EXERCISE PROMPT:
A verbatim repetition of the data below is requested, without images.

##### COLLECTED MATERIAL

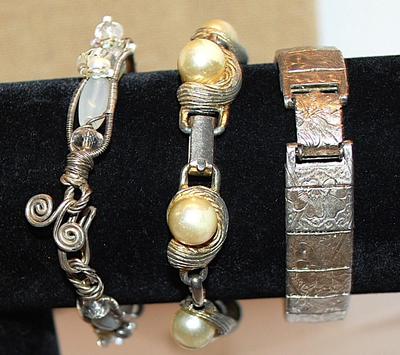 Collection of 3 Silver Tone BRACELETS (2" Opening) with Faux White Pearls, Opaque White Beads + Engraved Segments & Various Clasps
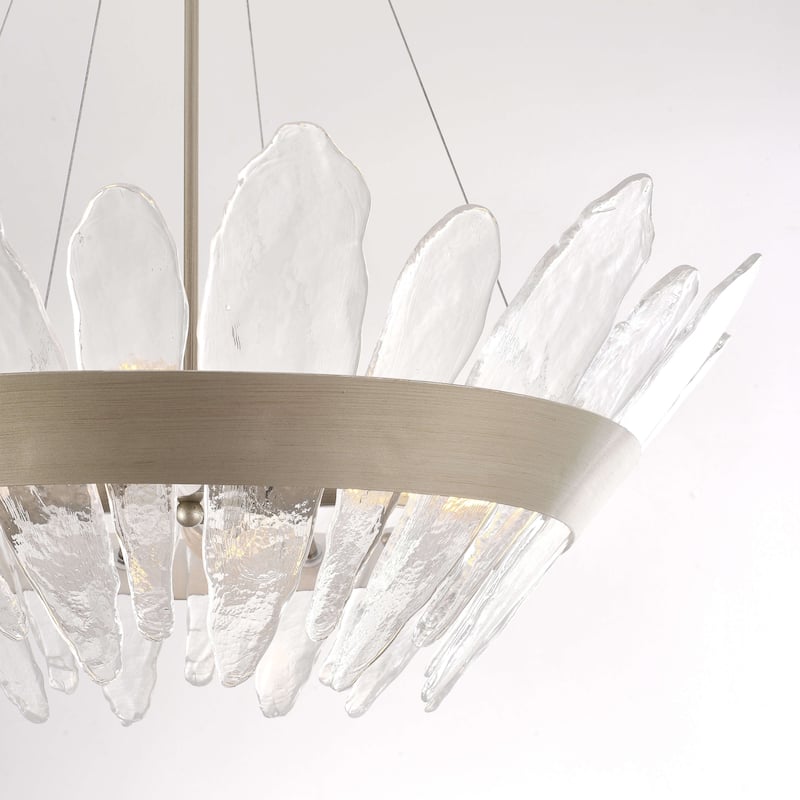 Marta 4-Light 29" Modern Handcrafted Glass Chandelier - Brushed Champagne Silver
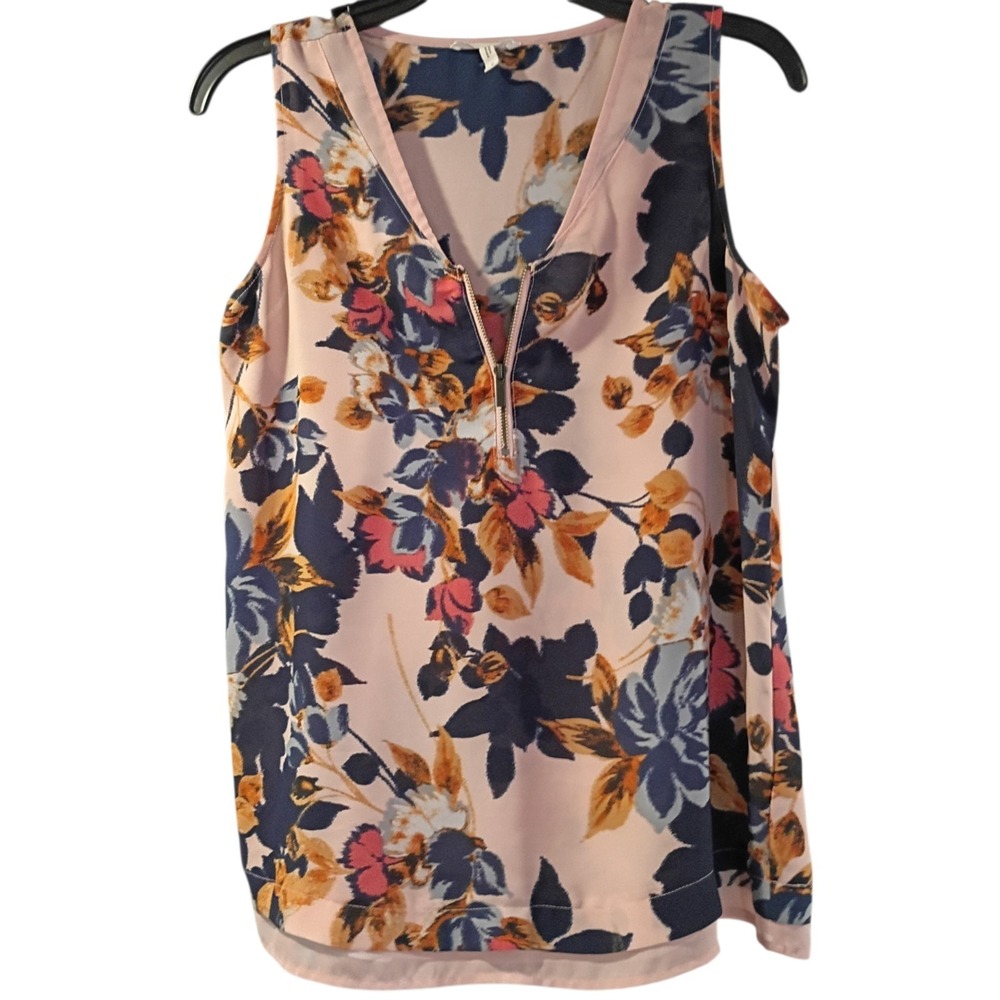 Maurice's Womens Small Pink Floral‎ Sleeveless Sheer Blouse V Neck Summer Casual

##########

RESPONSE FOR THIS EXERCISE:
 Collection of 3 Silver Tone BRACELETS (2" Opening) with Faux White Pearls, Opaque White Beads + Engraved Segments & Various Clasps
 Marta 4-Light 29" Modern Handcrafted Glass Chandelier - Brushed Champagne Silver
 Maurice's Womens Small Pink Floral‎ Sleeveless Sheer Blouse V Neck Summer Casual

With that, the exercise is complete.